Box-Cox Transformation for Linear Models
In the case of a standard linear regression model with $n$ observations and $p$ predictors: $$Y_i = \beta_0 + \beta_1 X_{i1} + \ldots + \beta_p X_{ip} + \epsilon_i, \; i=1,2,\ldots,n \;\;\;\;\;\; (6)$$ the standard assumptions are:

The error terms $\epsilon_i$ come from a normal distribution with mean 0.
The variance is the same for all of the error terms and does not depend on the predictor variables.

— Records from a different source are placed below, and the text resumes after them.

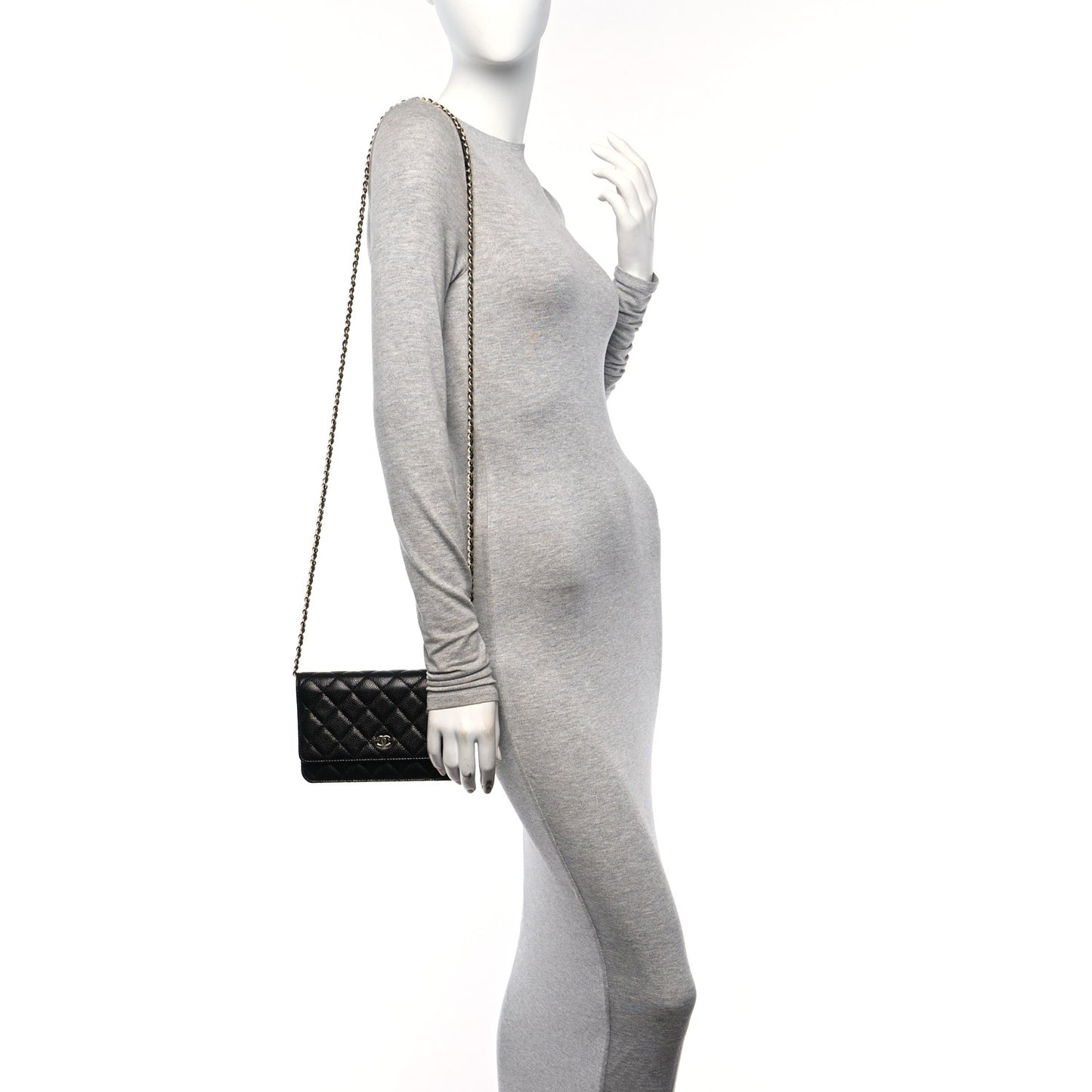 Caviar Quilted Wallet on Chain WOC Black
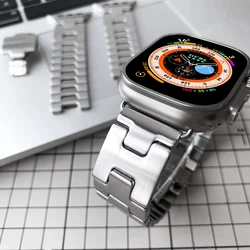 Stainless Steel For Apple Watch Series 11 10 42mm 46mm Strap Ultra 3 2 49mm H-Shaped Butterfly Buckle Belt 44mm 45mm 41 40mm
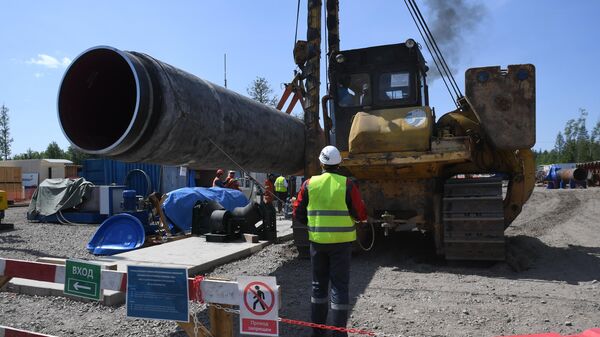 Рабочие на участке строительства газопровода Северный поток-2 в Ленинградской области Рабочие на участке строительства газопровода Северный поток-2 в Ленинградской области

Assuming $Y$ is a random variable from some distribution that may depend on the predictor variables and $Y$ takes on only positive values, the Box-Cox family of power transformations is defined as:

$Y^*$	=	$\frac{Y^\lambda - 1}{\lambda}$	$\lambda \ne 0$

		$log(Y)$	$\lambda = 0 \;\;\;\;\;\; (7)$

where $Y^*$ becomes the new response variable and the errors are now assumed to come from a normal distribution with a mean of 0 and a constant variance.

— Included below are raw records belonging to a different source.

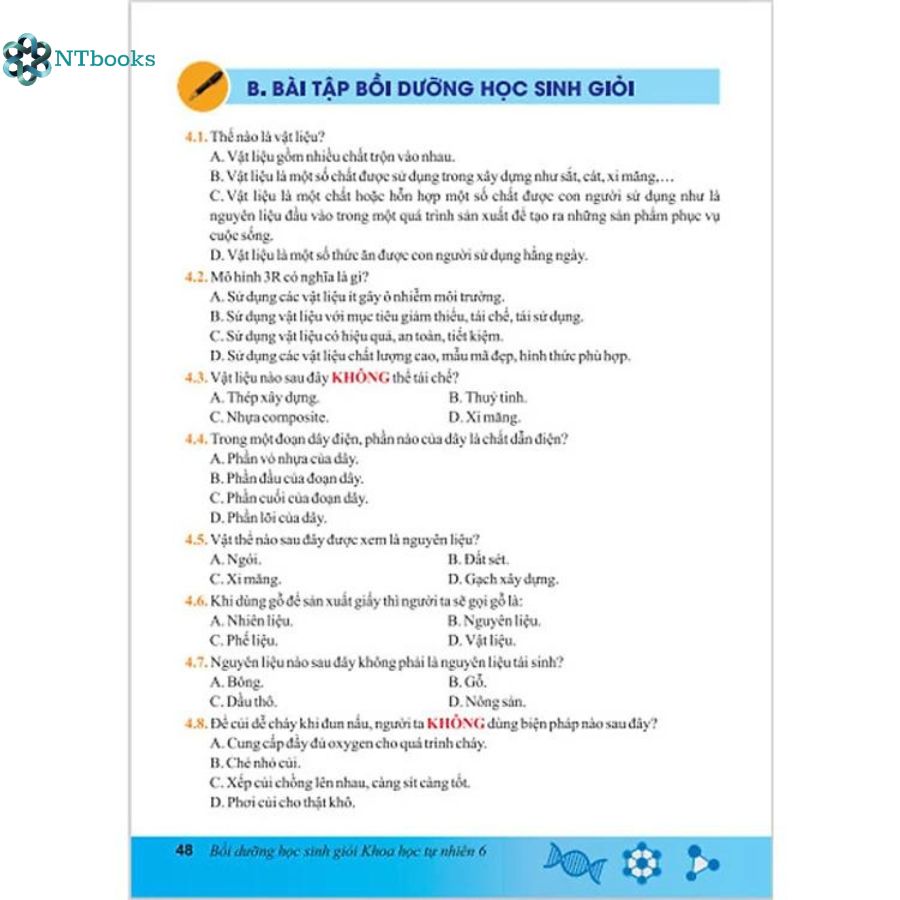 Sách Bồi Dưỡng Học Sinh Giỏi Khoa Học Tự Nhiên 6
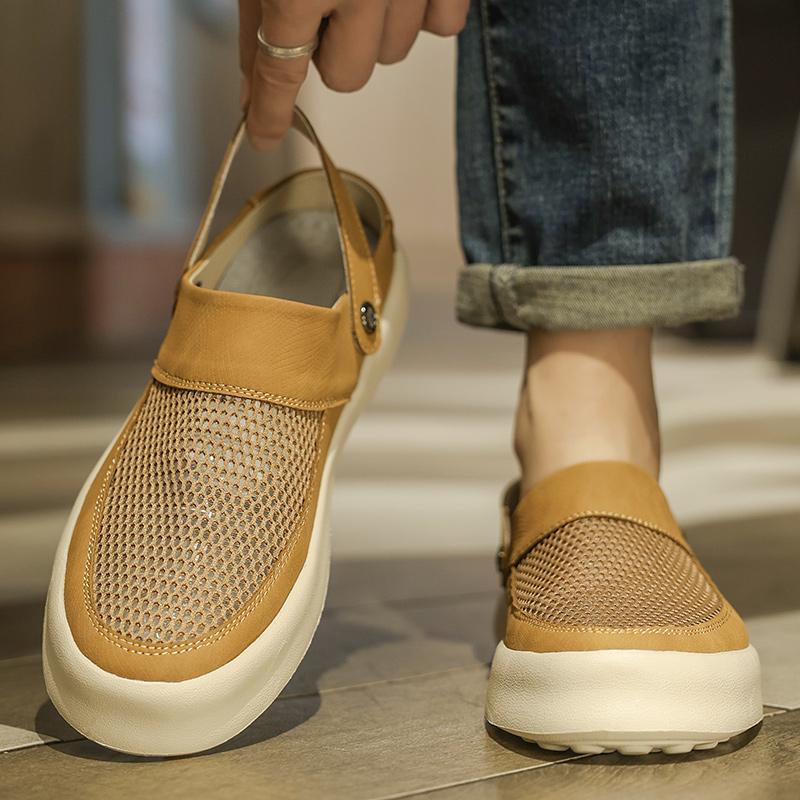 Дышащие сандалии с вырезами, летняя пляжная обувь, мужские сандалии для вождения, верхняя одежда, сандалии на мягкой подошве, противоскользящие, мужские шлепанцы, полушлепанцы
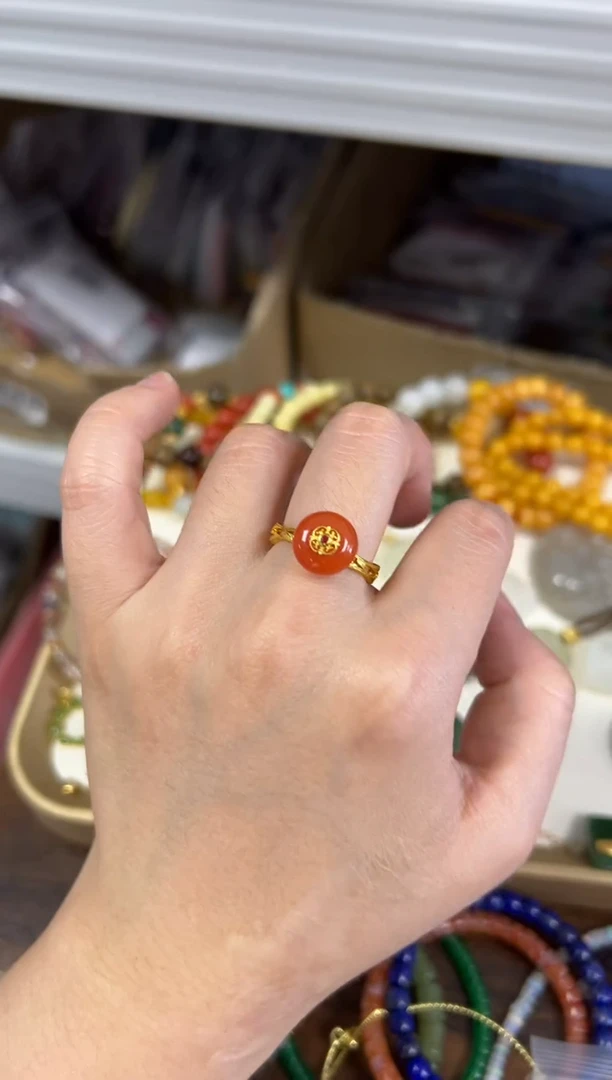 未镶嵌南红玛瑙戒指南红玛瑙扣子款镶嵌戒指[45]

In this case, the objective is computed as described above, but it is based on the residuals from the fitted linear model in which the response variable is now $Y^*$ instead of $Y$.

References

Berthouex, P.M., and L.C. Brown. (2002). Statistics for Environmental Engineers, Second Edition. Lewis Publishers, Boca Raton, FL.

Box, G.E.P., and D.R. Cox. (1964). An Analysis of Transformations (with Discussion). Journal of the Royal Statistical Society, Series B 26(2), 211--252.

Draper, N., and H. Smith. (1998). Applied Regression Analysis. Third Edition. John Wiley and Sons, New York, pp.47-53.

Gilbert, R.O. (1987). Statistical Methods for Environmental Pollution Monitoring. Van Nostrand Reinhold, NY.

Helsel, D.R., and R.M. Hirsch. (1992). Statistical Methods in Water Resources Research. Elsevier, New York, NY.

Hinkley, D.V., and G. Runger. (1984). The Analysis of Transformed Data (with Discussion). Journal of the American Statistical Association 79, 302--320.

Hoaglin, D.C., F.M. Mosteller, and J.W. Tukey, eds. (1983). Understanding Robust and Exploratory Data Analysis. John Wiley and Sons, New York, Chapter 4.

Hoaglin, D.C. (1988). Transformations in Everyday Experience. Chance 1, 40--45.

Johnson, N. L., S. Kotz, and A.W. Kemp. (1992). Univariate Discrete Distributions, Second Edition. John Wiley and Sons, New York, p.163.

Johnson, R.A., and D.W. Wichern. (2007). Applied Multivariate Statistical Analysis, Sixth Edition. Pearson Prentice Hall, Upper Saddle River, NJ, pp.192--195.

Shumway, R.H., A.S. Azari, and P. Johnson. (1989). Estimating Mean Concentrations Under Transformations for Environmental Data With Detection Limits. Technometrics 31(3), 347--356.

Stoline, M.R. (1991). An Examination of the Lognormal and Box and Cox Family of Transformations in Fitting Environmental Data. Environmetrics 2(1), 85--106.

van Belle, G., L.D. Fisher, Heagerty, P.J., and Lumley, T. (2004). Biostatistics: A Methodology for the Health Sciences, 2nd Edition. John Wiley & Sons, New York.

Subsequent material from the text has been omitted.